# Classification using Bayes' Theorem

---

In this workbook we will use the Iris dataset to investigate how Bayesian methods can be used to predict the species of a flower.

First let's import the libraries we will need.

In [1]:
import numpy as np
import pandas as pd

Then we create a DataFrame and use the ceiling function to round the feature values up to the nearest integer.

In [2]:
column_names = ['sepal_length', 'sepal_width', 'petal_length', 'petal_width', 'species']
iris = pd.read_csv('data/iris.csv', header = None, names = column_names)
iris.head(3)

Unnamed: 0,sepal_length,sepal_width,petal_length,petal_width,species
0,5.1,3.5,1.4,0.2,Iris-setosa
1,4.9,3.0,1.4,0.2,Iris-setosa
2,4.7,3.2,1.3,0.2,Iris-setosa


In [3]:
iris.loc[:, 'sepal_length':'petal_width'] = iris.loc[:, 'sepal_length':'petal_width'].apply(np.ceil)
iris.head(3)

Unnamed: 0,sepal_length,sepal_width,petal_length,petal_width,species
0,6.0,4.0,2.0,1.0,Iris-setosa
1,5.0,3.0,2.0,1.0,Iris-setosa
2,5.0,4.0,2.0,1.0,Iris-setosa


Let's now say I have a flower with the following dimensions.

* Sepal length = 7
* Sepal width = 3
* Petal length = 5
* Petal width = 2

How can I predict the species? Well, I can apply the value_counts() method to a DataFrame slice to find out the number of flowers from each category that have the parameters above.

In [4]:
iris[(iris.sepal_length == 7)
   & (iris.sepal_width == 3)
   & (iris.petal_length == 5)
   & (iris.petal_width == 2)].species.value_counts()

Iris-versicolor    13
Iris-virginica      4
Name: species, dtype: int64

We can get the total number from each species.

In [5]:
iris.species.value_counts()

Iris-setosa        50
Iris-versicolor    50
Iris-virginica     50
Name: species, dtype: int64

Given that we are using Bayes' Theorem, let's define this as a conditional probability problem. That is, what is the probability of a particular species given that a sample has measurements of 7, 3, 5 and 2?

$$P(Species|7352)$$

Just to remind ourselves, Bayes' Theorem states that

$$P(Prediction|Observation) = \frac{P(Observation|Prediction) \cdot P(Prediction)}{P(Observation)}$$

where
* $P(Prediction|Observation)$ is the probability of the Prediction after we see the Observation - this is the posterior, or conditional, probability.
* $P(Observation|Prediction)$ is the probability of the Observation given the Prediction - this is the likelihood.
* $P(Prediction)$ is the probability of the Prediction before we make the Observation - this is the prior.
* $P(Observation)$ is the probability of the Observation under any Prediction - this is the marginal, or non-conditional, probability. Otherwise known as the Normalising Constant.

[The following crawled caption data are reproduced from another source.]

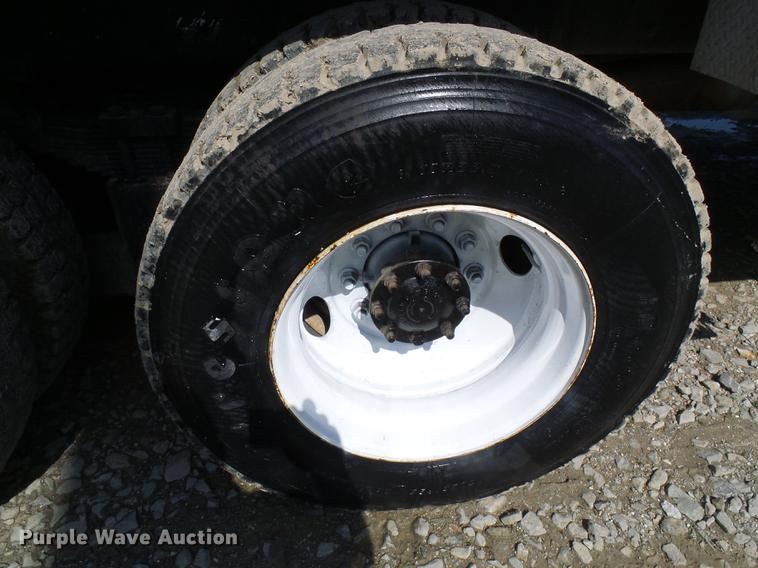 image for item DF7312 2006 International 7400 digger derrick truck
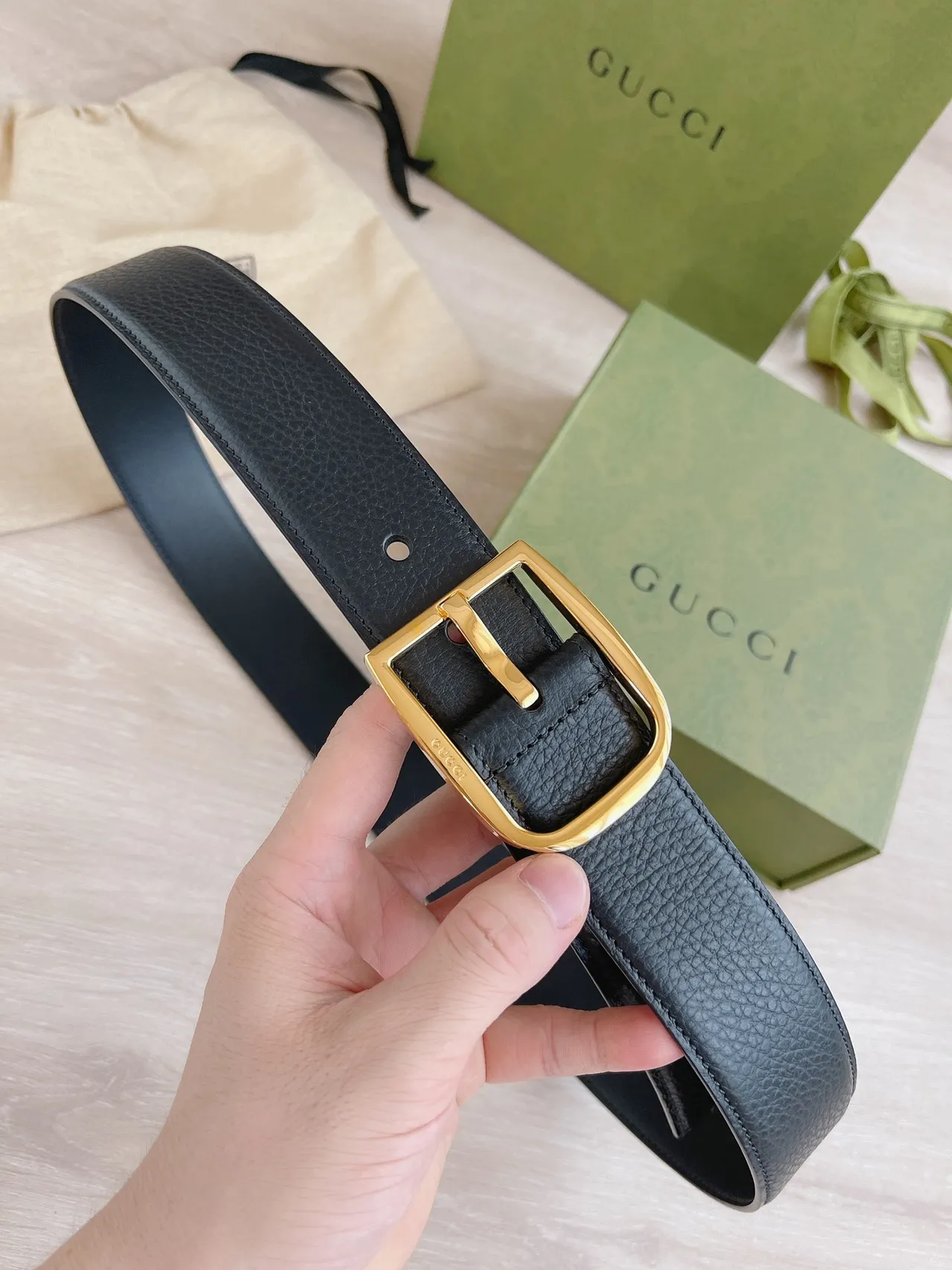 Gucci Black Gold Pebbled Rectangular Buckle Leather Belt 7
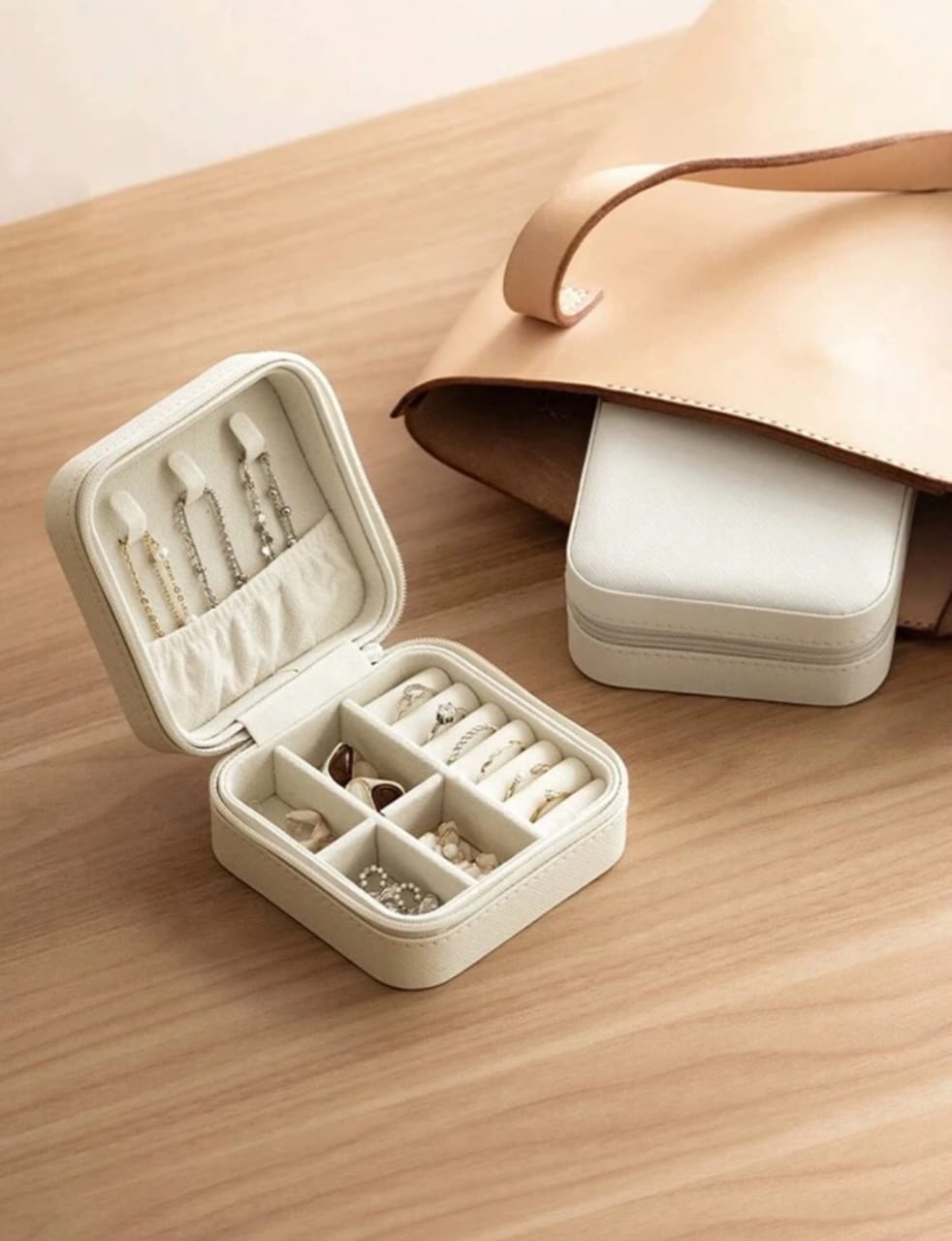 JJ - 11014 - Off White - Jewelry Box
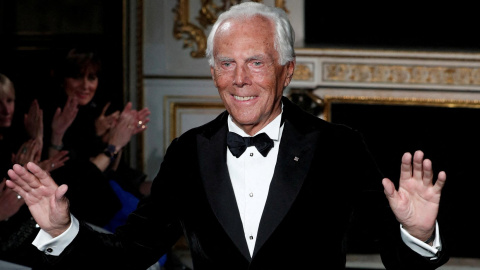 Foto de archivo del diseñador italiano Giorgio Armani, en la presentación de su colección primavera/verano 2019 en París.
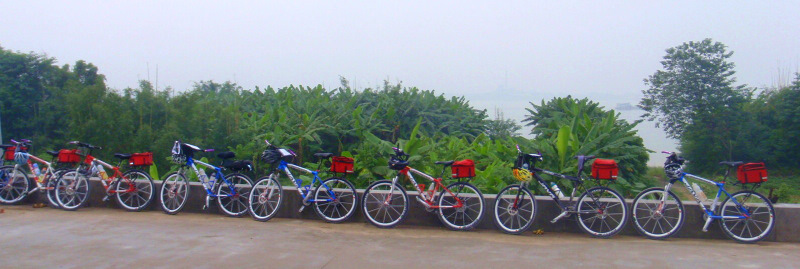 Bikes with refueling riders.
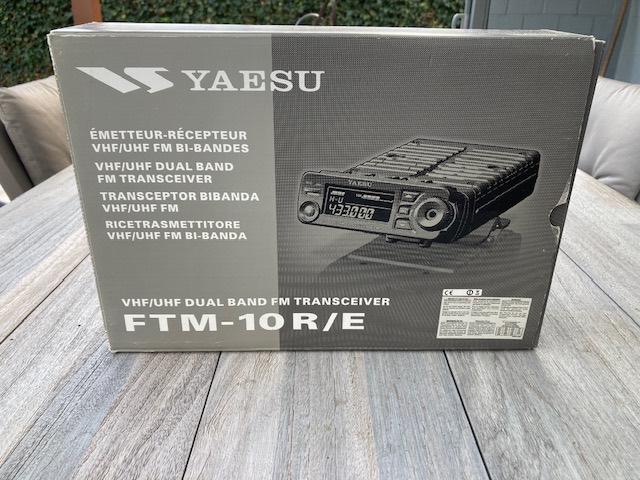 Yaesu FTM-10 weather-proof VHF-UHF transceiver, Telecommunicatie, Ophalen of Verzenden, Zo goed als nieuw, Zender en Ontvanger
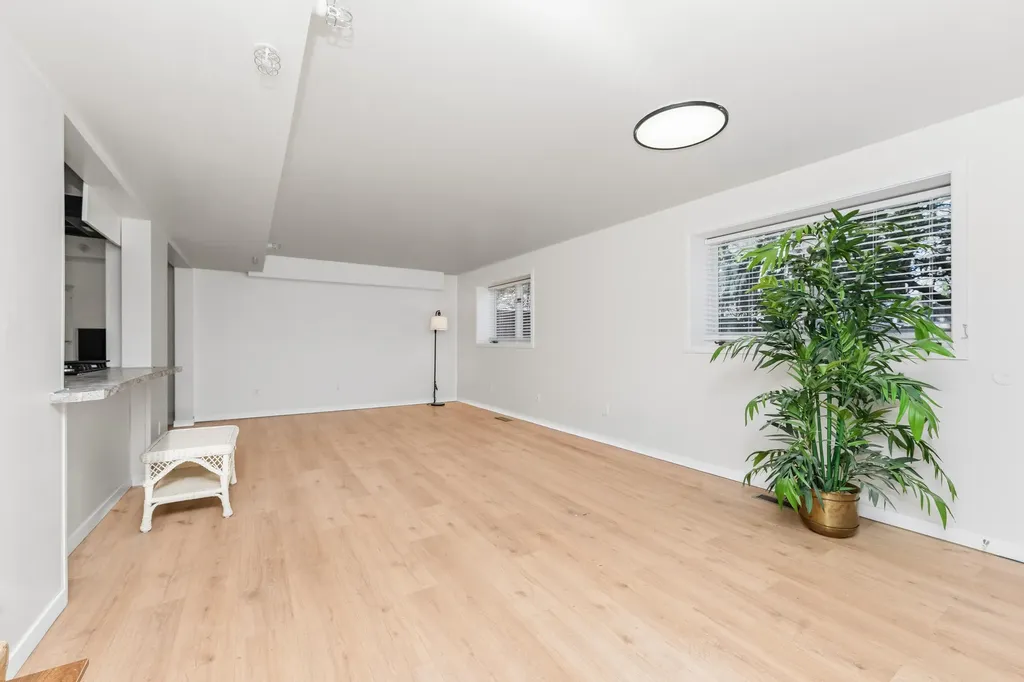 98 W Center Street Unknown City MI 49406
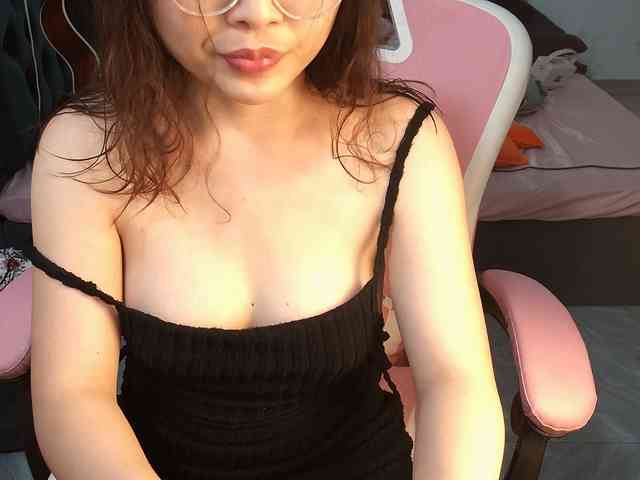 Julia98 webcam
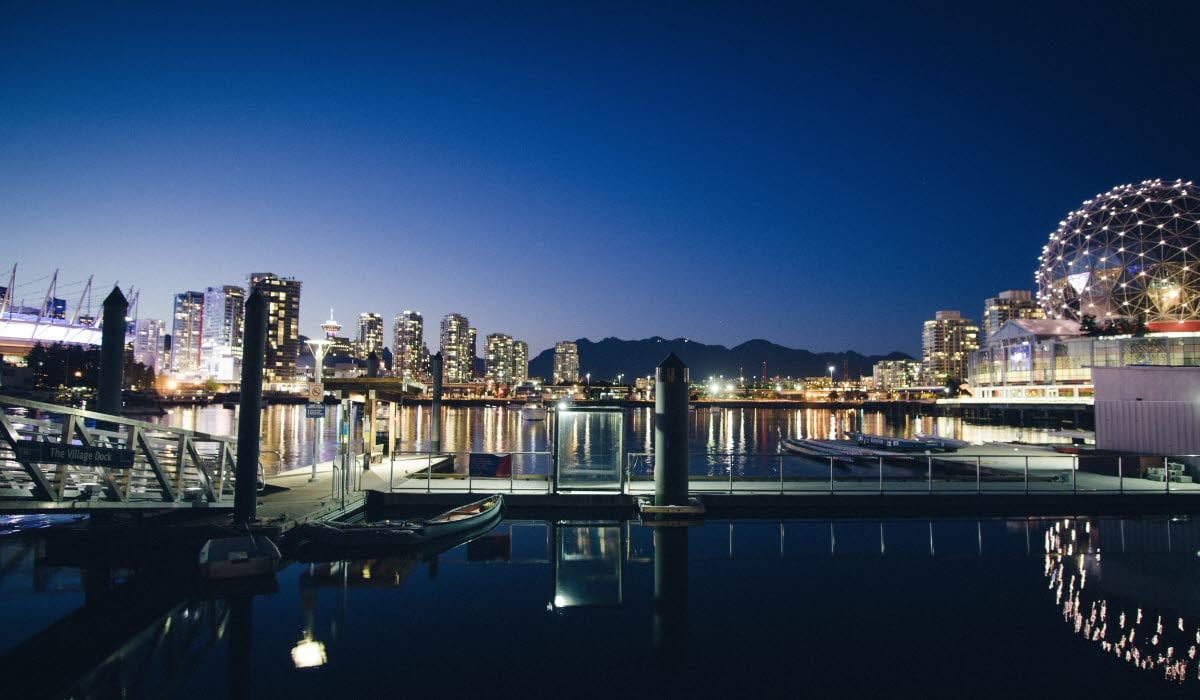 VANCOUVER_stuart-weir-QmixOhXi0d8-unsplash.jpg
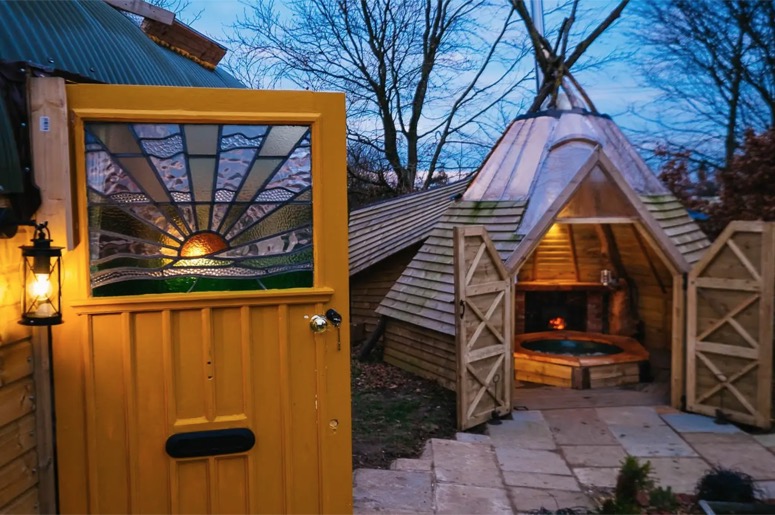 Wigwam Hot Tub Tiny House in Rural England via Ralph Airbnb 0017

We'll start with the Versicolor species.

$$P(Versicolor|7352) = \frac{P(7352|Versicolor) \cdot P(Versicolor)}{P(7352)}$$

$$P(7352|Versicolor) = \frac{13}{50} = 0.26$$

$$P(Versicolor) = \frac{50}{150} = 0.33$$

$$P(7352) = \frac{13+4}{150} = 0.11$$

Therefore the probability of a Versicolor flower given measurements of 7, 3, 5 and 2 is

$$P(Versicolor|7352) = \frac{0.26 \times 0.33}{0.11}$$

In [6]:
print 'P(Versicolor|7352) =', 0.26*0.33/0.11

P(Versicolor|7352) = 0.78


Let's now repeat for Setosa and Virginica.

$$P(Setosa|7352) = \frac{0 \times 0.33}{0}$$

$$P(Virginica|7352) = \frac{0.08 \times 0.33}{0.11}$$

In [7]:
print 'P(Setosa|7352) =', 0
print 'P(Virginica|7352) =', 0.08*0.33/0.11 

P(Setosa|7352) = 0
P(Virginica|7352) = 0.24


---

We conclude that the Iris is a Versicolor, given that this species has the highest conditional probability.